ACTIVITY: Only the pictures are to be dropped; return all other data below exactly.

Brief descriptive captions
***

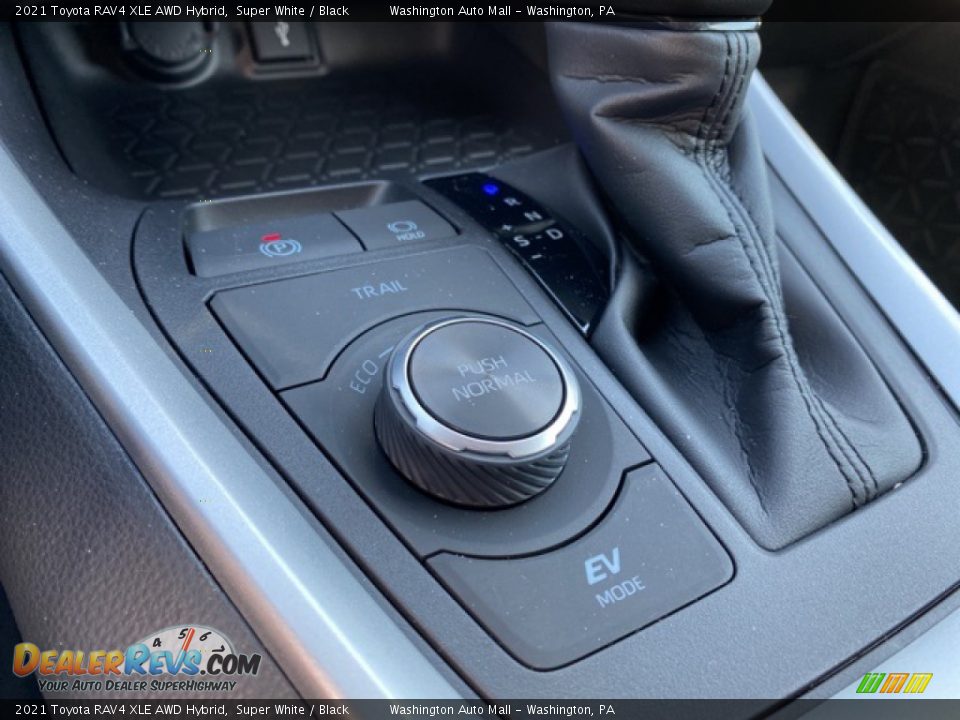 Controls of 2021 Toyota RAV4 XLE AWD Hybrid Photo #18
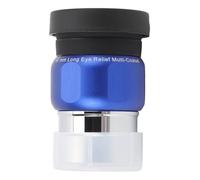 1.25 Inch 63 Degree Wide Angle Telescope Eyepiece, Multiple Coated HD Optical Glass 5 Elements for Astronomy Telescope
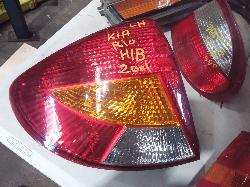View Auto part Left Taillight Kia Rio 2001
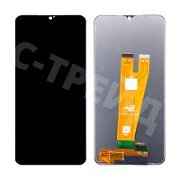 Дисплей для Samsung Galaxy A04 (A045F) в сборе с тачскрином Черный - Оптима
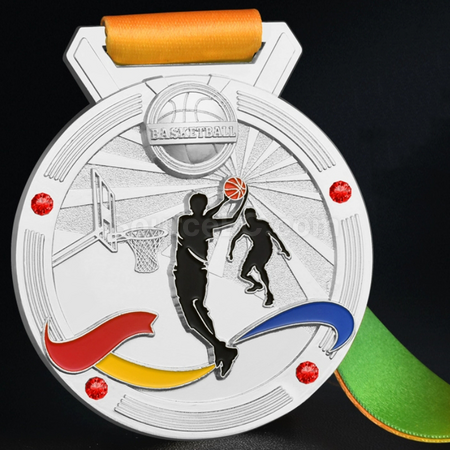 Customization Basketball Metal Medal Corporate Gifts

***

WORKED SOLUTION:
 Controls of 2021 Toyota RAV4 XLE AWD Hybrid Photo #18
 1.25 Inch 63 Degree Wide Angle Telescope Eyepiece, Multiple Coated HD Optical Glass 5 Elements for Astronomy Telescope
View Auto part Left Taillight Kia Rio 2001
 Дисплей для Samsung Galaxy A04 (A045F) в сборе с тачскрином Черный - Оптима
 Customization Basketball Metal Medal Corporate Gifts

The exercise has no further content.